I wouldn't consider liner notes terribly important, but they factor into whether I'd buy something or download it.


----------



## Ukko (Jun 4, 2010)

As suggested by _regressivetransphobe_, some documentation is more useful than others. For example, Savall's work with Hesperion XX (and XXI), is much augmented by the info in the accompanying booklets. Haydn's 87th and 85th symphonies with the umpteenth mini-bio of the composer, and nothing about the works except that they are from the 'Paris" set and the 85th is known as 'La Reine', not so much.


----------



## Weston (Jul 11, 2008)

The liner notes are very important to me. I enjoy those that allow the performer to discuss what he / she brings to the piece -- as in Bernstein's discussion of why he chose to set some late Beethoven quartet's for string orchestra in one CD in my colelction. 

Downloaded albums should come with a PDF file of the liner notes too.


----------



## Argus (Oct 16, 2009)

I like the booklet to contain a fair bit of information about the music, performers etc. If I know a label usually issues good liner notes I'm more likely to buy more of their CD's. Nonesuch and Columbia seem to be good in this department. I find them to be perfect for a sojourn in the bog.

The worst booklets in my collection are for Morricones' The Good, the Bad and the Ugly, which just has extreme closeups of the three main characters eyes on each double page, and Mogwai's Happy Songs for Happy People, which is just two pages of shiny metallic card that acts like a distorted mirror. Quite cool but a bit dissappointing.


----------



## Vazgen (May 24, 2011)

I love liner notes. There's nothing like getting a little background on the composer and the work before you listen, especially if it's an unfamiliar or experimental piece.

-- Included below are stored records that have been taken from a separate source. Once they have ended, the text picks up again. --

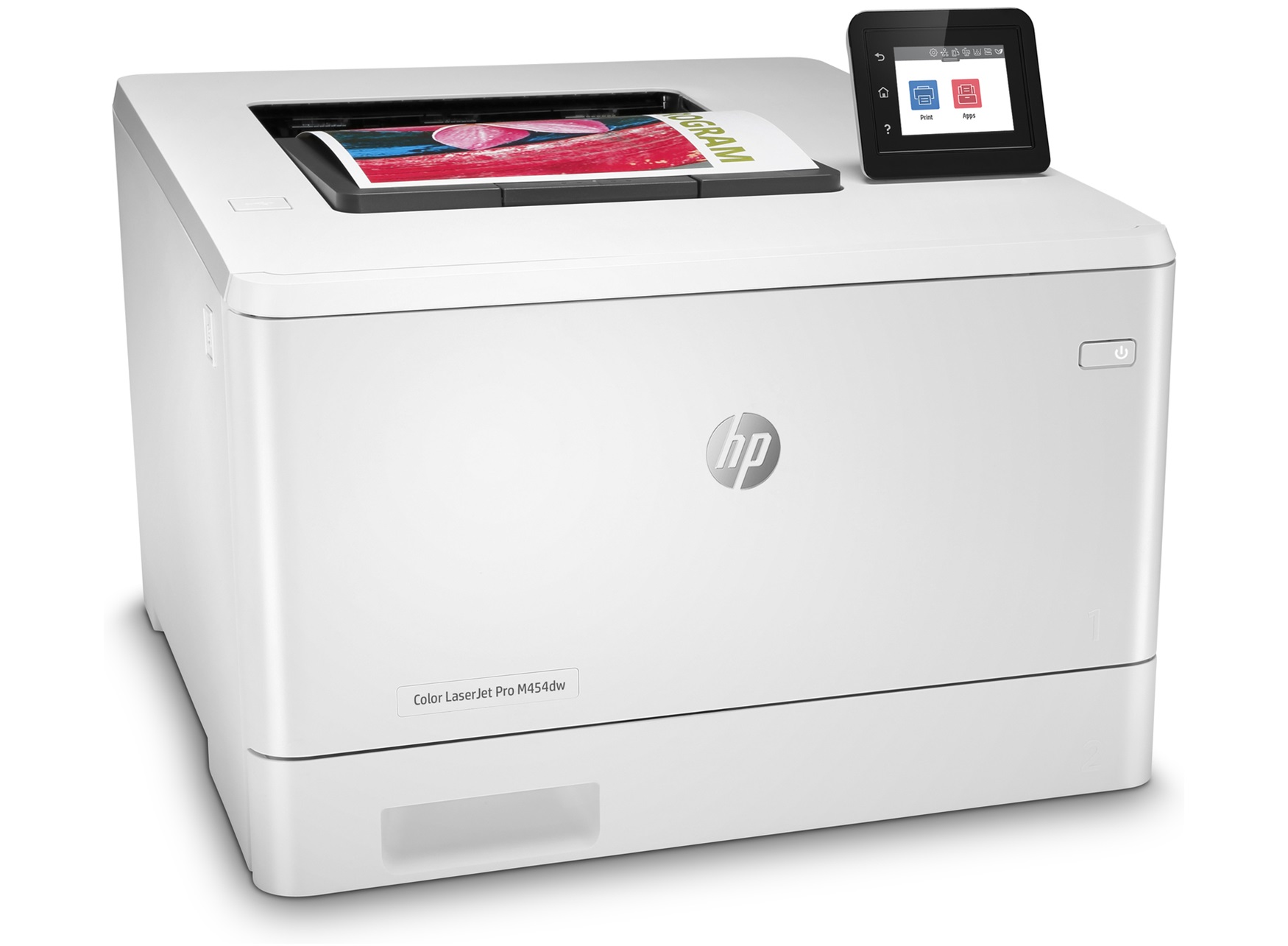HP Color LaserJet Pro M454dw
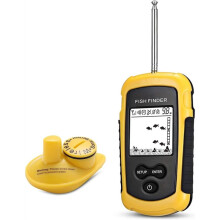 LUCKY Tragbares Echolot, Eisangel-Sonar, Sensor, Fischfinder, Angel-Echolot, Angelausrüstung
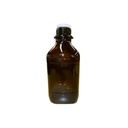 [9863190] Glasflaske, SI Analytics TZ 3803, brun, 1000 mL, til Titroline og Titronic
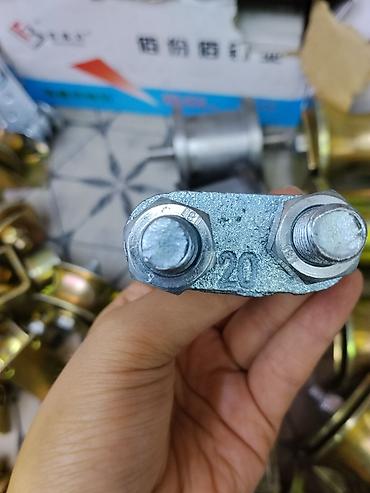 зажим для кабеля: Скоба-тросовый зажим (U-образный), размер 20 - Назначение: фиксация и — 2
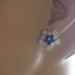 Cao Shi's Live Recommended Sweet Cool Wind Snowflake Zircon Women's Christmas Creative And Earrings Gifts_ipsvogv.com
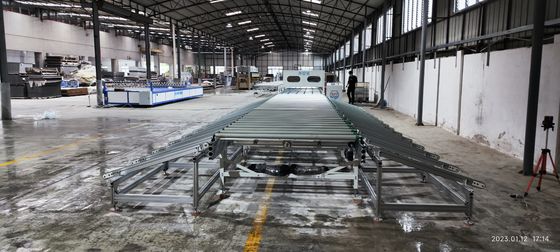 Professionele lijmlamineermachine voor honingraatpaneel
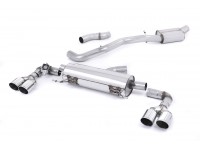 Milltek Sport Audi S1 2.0 TFSI Cat-back Resonated (EC) Exhaust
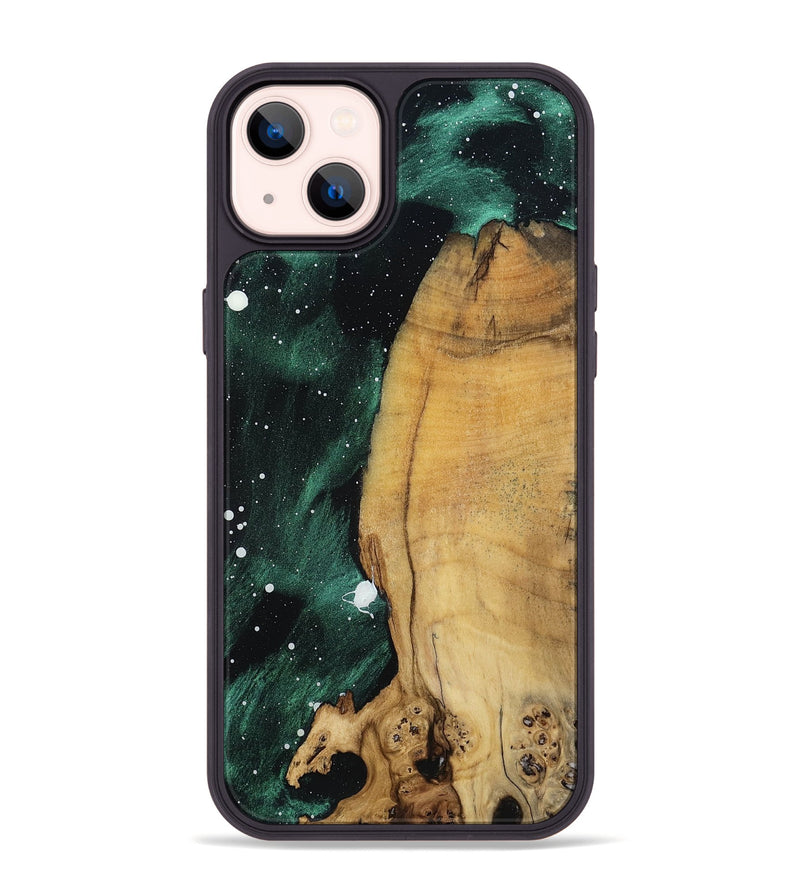 iPhone 14 Plus Wood Phone Case - Thad (Cosmos, 802053)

It's also good to get the performers' perspective on their approach to the work.

Younger folks might not realize that jazz and rock records used to come with liner notes on the record sleeve as well.

-Vaz


----------



## Vaneyes (May 11, 2010)

violadude said:


> How important are the liner notes in CDs to you guys? Do you like reading about the piece in them? Do you get disappointed when there is not much information in them? Do you like liner notes with more background about the piece of music? or more description of the piece itself?

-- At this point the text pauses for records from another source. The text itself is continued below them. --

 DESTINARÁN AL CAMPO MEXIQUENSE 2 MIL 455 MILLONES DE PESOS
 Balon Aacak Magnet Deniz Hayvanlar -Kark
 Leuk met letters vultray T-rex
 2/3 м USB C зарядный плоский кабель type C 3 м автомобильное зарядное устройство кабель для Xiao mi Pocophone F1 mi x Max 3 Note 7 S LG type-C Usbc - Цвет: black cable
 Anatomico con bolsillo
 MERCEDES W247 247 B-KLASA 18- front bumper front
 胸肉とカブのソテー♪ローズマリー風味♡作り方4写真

I've read less than have of them. Occasionally they're fun to read, but often, dry and obvious. I do rely on them for recording information--equipment, times, venue, etc. Many have stopped putting the movements and times on the back cover. That's an irritant.


----------



## Meaghan (Jul 31, 2010)

Liner notes are the reason I buy physical CDs more often than I download. Though I do get bored with ones that just tell me things I already know about the composer. I particularly like liner notes written by the performers, which often shed light on their interpretation. And with vocal works in languages other than English, I like being able to follow along with the text, side-by-side with a translation, in convenient booklet form. Much nicer than finding it online and staring at a computer while I listen.


----------



## Manxfeeder (Oct 19, 2010)

I like liner notes, especially when the notes are written by someone who really knows the subject. For example, many Obrecht CDs feature notes by Rob C. Wegman, who is an Obrecht scholar, and he is able to distill a lot of knowledge into a small space. 
I also appreciate it when the performer or conductor gives their impressions gained from preparing the piece. 
Thirdly, I'm into a lot of obscure music, so sometimes the only information I can get is from liner notes. 
Also, many times there's nowhere else that you can get the text/libretto of the pieces (although a recent trend is not to include these.)
Lastly, just knowing the performers, the recording date, and the location of the recording is helpful.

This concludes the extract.